Church Of St Patrick
- WRENN ID
- ghost-tallow-ebony
- Grade
- II
- Local Planning Authority
- Gateshead
- Country
- England
- Date first listed
- 18 November 1985
- Type
- Church
- Source
- Historic England listing
Description
The Church of St. Patrick is a Roman Catholic parish church built between 1893 and 1895 by C. Walker of Newcastle. It is constructed from rock-faced sandstone with ashlar dressings and features a Welsh slate roof with high cavetto-moulded stone gable coping on roll-moulded, gabled footstones. The church is oriented north-south and includes a nave with ritual north and south aisles, north and south transepts, and a chancel with north and south side chapels. The undercroft of the nave is built into a hill.
Designed in an early 14th-century style, the church is richly ornamented. The five-bay nave has flat-headed three-light windows that are stone-mullioned with alternate-block jambs. The aisles feature three-light Decorated windows beneath dripmoulds. The transepts contain two pairs of cusped lancets above two pairs of Tudor-arched windows, with a slit window in the gable peak and sill and lintel bands. The arcaded five-sided apse has lancet windows under hoodmoulds with block stops, and the three-sided side chapels have similar windows. The roof is hipped over the chancel and chapels, adorned with red ridge tiles and a lead octagonal fleche at the crossing, topped with cross finials.
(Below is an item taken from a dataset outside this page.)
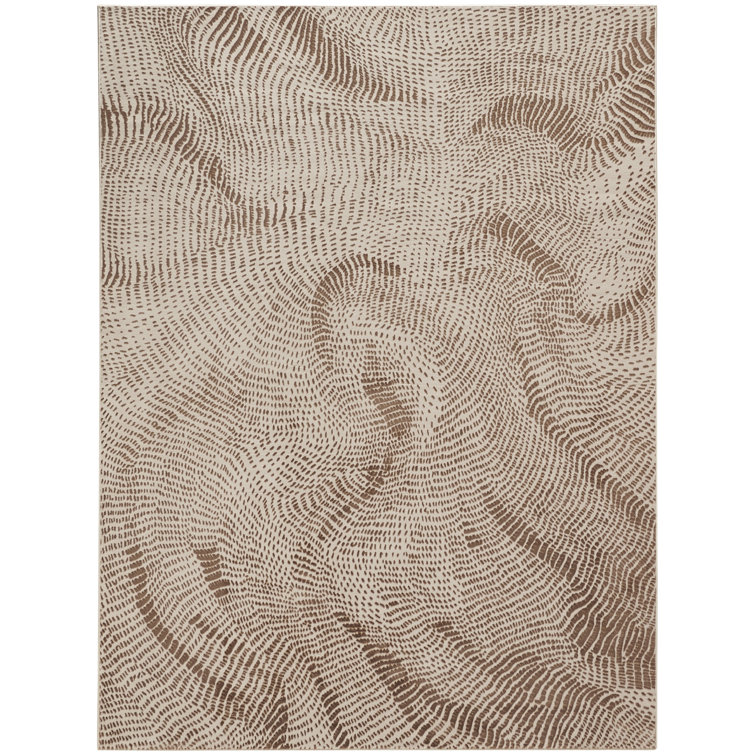 DKNY Central Park West Beige Brown Modern Indoor Rug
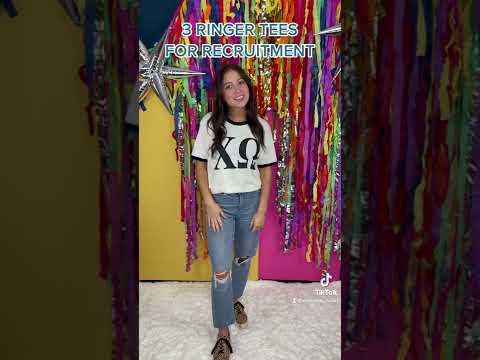 Chi Omega Recruitment Colorblock Ringer Tee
On the west front, there is a perron stair leading to a segment-headed entrance to the undercroft. The double boarded church door is set in a pointed-arched opening beneath a dripmould with an ogee finial, flanked by crocketed niches, with a wheel window above. A five-sided corner staircase is located to the left, and flying buttresses are present at the west end over the undercroft access.
Inside, the church features a flower-stopped hoodmould over the nave arcade, a sill string, and hoodmoulds to the clerestory windows, as well as rear arches to the aisle windows. The interior has a barrel roof supported on shafted brackets with struts and tall, paired transept arches. The altar is ornate, set within an arcaded sanctuary that includes niches, and the pulpit is made of alabaster on a Frosterley marble base by Emley of Newcastle, complemented by a stone and marble communion rail.